Aim of the exercise | Your copy starts at the line containing "VW Amarok 152.000" and ends at the last line below. Copy exactly, without pictures.

Supplied material |
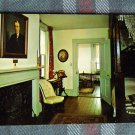 Woodrow Wilson birthplace 28th President Staunton, Virginia postcard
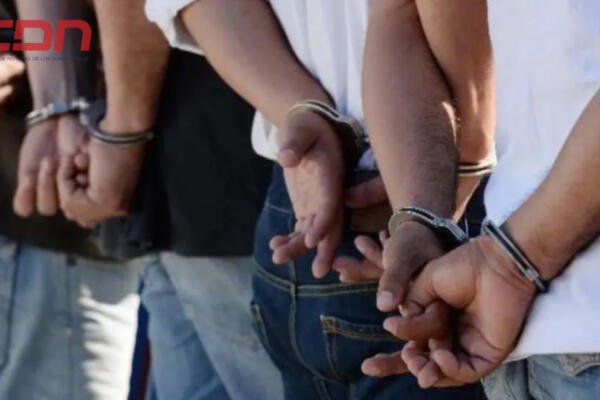 Dentro de los detenidos hay tres de nacionalidad haitiana. 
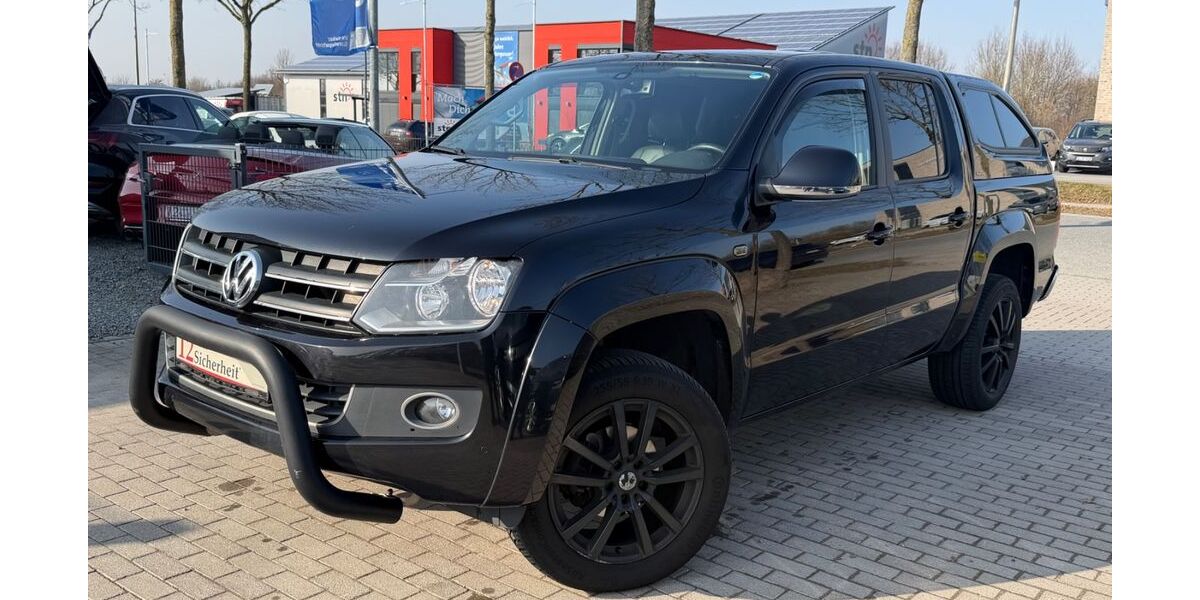 VW Amarok 152.000 km 17.990 &euro; Schleswig 24837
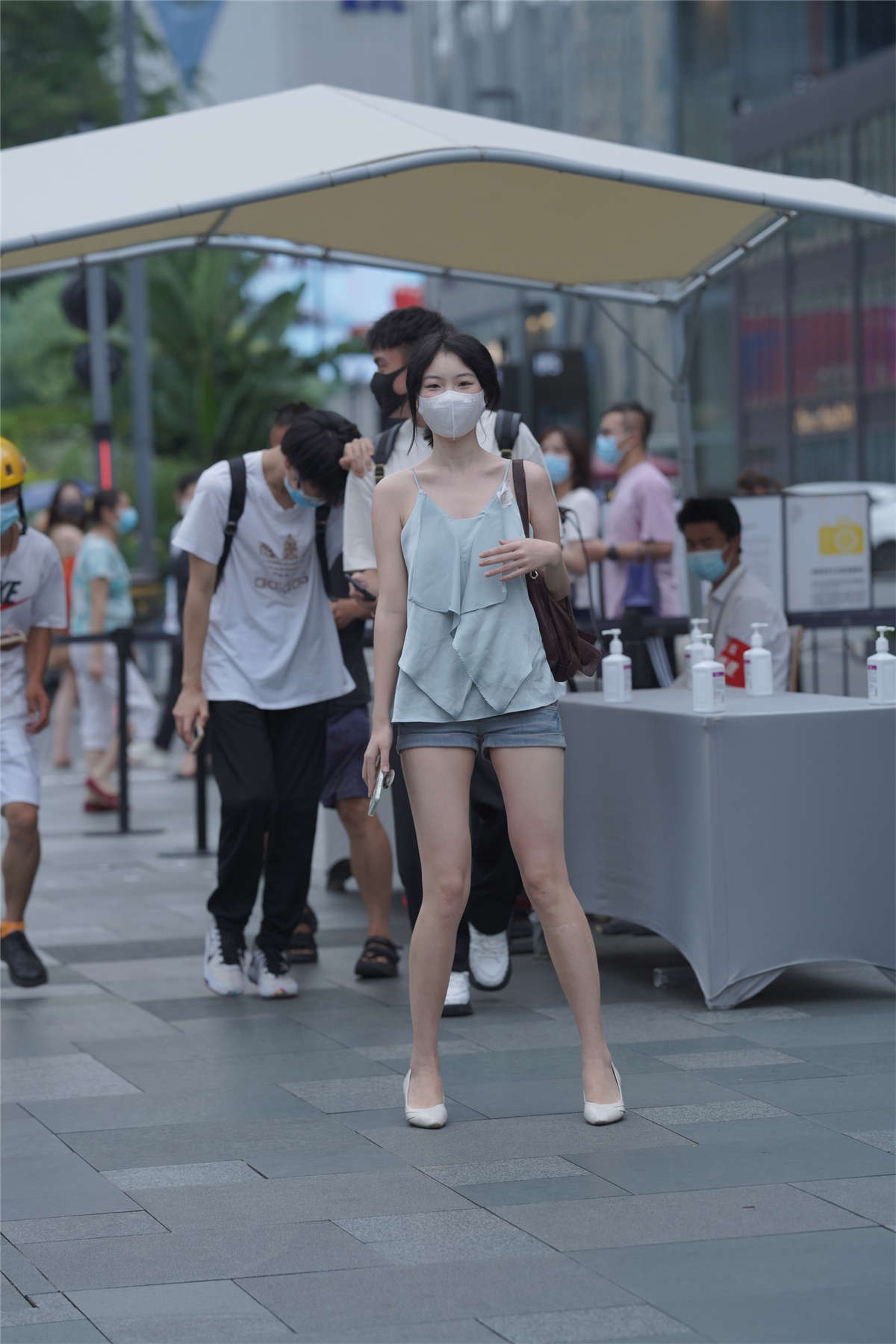 清爽靓丽清纯-日更街拍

Reply |
 VW Amarok 152.000 km 17.990 &euro; Schleswig 24837
 清爽靓丽清纯-日更街拍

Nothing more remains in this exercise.